Damilare Jolayemi Damilare is an enthusiastic problem-solver who enjoys building whatever works on the computer. He has a knack for slapping his keyboards till something works. When he's not talking to his laptop, you'll find him hopping on road trips and sharing moments with his friends, or watching shows on Netflix.

Build a Python web scraper with Beautiful Soup

7 min read 2078

Build a Python web scraper with Beautiful Soup

If you spend some time in the technology space, you’ll probably come across the terms “web scraping” and “web scrapers”. But do you know what they are, how they work, or how to build one for yourself?

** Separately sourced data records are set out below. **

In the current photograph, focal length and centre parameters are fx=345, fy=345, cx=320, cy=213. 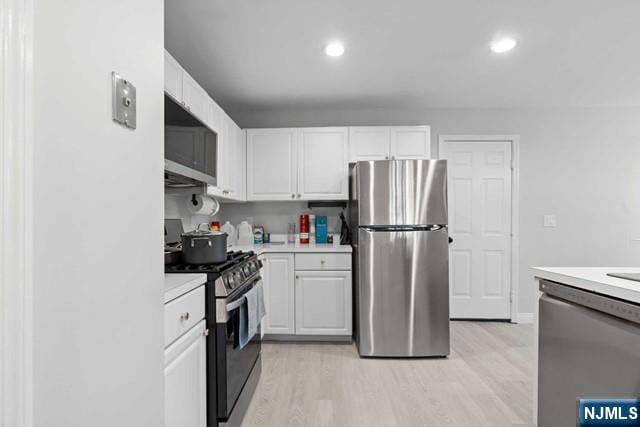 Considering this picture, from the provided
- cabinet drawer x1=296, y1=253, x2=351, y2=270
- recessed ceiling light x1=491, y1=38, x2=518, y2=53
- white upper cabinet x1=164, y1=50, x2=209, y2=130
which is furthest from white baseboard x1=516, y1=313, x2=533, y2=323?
white upper cabinet x1=164, y1=50, x2=209, y2=130

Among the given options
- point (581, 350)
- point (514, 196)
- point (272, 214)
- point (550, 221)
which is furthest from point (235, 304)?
point (550, 221)

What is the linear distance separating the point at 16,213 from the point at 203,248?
1.39 metres

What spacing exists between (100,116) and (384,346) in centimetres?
276

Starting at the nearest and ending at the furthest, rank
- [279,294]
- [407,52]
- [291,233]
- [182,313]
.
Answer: [182,313] → [407,52] → [279,294] → [291,233]

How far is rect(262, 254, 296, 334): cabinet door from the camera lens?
325 centimetres

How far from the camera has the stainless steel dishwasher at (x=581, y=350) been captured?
4.03 feet

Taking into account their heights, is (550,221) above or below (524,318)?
above

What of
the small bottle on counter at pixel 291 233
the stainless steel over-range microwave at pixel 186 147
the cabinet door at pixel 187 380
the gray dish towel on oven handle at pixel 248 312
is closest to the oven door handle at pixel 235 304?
the gray dish towel on oven handle at pixel 248 312

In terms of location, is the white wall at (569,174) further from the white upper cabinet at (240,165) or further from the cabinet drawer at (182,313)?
the cabinet drawer at (182,313)

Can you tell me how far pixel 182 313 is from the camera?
4.54 ft

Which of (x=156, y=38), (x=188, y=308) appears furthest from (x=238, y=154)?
(x=156, y=38)

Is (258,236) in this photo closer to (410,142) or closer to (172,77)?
(410,142)

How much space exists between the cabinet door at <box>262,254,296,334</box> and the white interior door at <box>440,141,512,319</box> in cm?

If your answer to any of those questions is no, read on as we’ll be covering everything about web scraping in this article. You will also get a chance to build one using Python and the Beautiful Soup library.

What is web scraping?

Web scraping refers to extracting and harvesting data from websites via the Hypertext Transfer Protocol (HTTP) in an automated fashion by using a script or program considered a web scraper.

A web scraper is a software application capable of accessing resources on the internet and extracting required information. Often, web scrapers can structure and organize the collected data and store it locally for future use.

Some standard web scraping tools include:

You might be wondering why anybody might be interested in using a web scraper. Here are some common use cases:

  • Generating leads for marketing purposes
  • Monitoring and comparing prices of products in multiple stores
  • Data analysis and academic research
  • Gathering data for training machine learning models
  • Analyzing social media profiles
  • Information gathering and cybersecurity
  • Fetching financial data (stocks, cryptocurrency, forex rates, etc.)

Challenges faced in web scraping

Web scraping sounds like it’d be a go-to solution when you need data, but it’s not always easy to set up for multiple reasons. Let’s look at some of them.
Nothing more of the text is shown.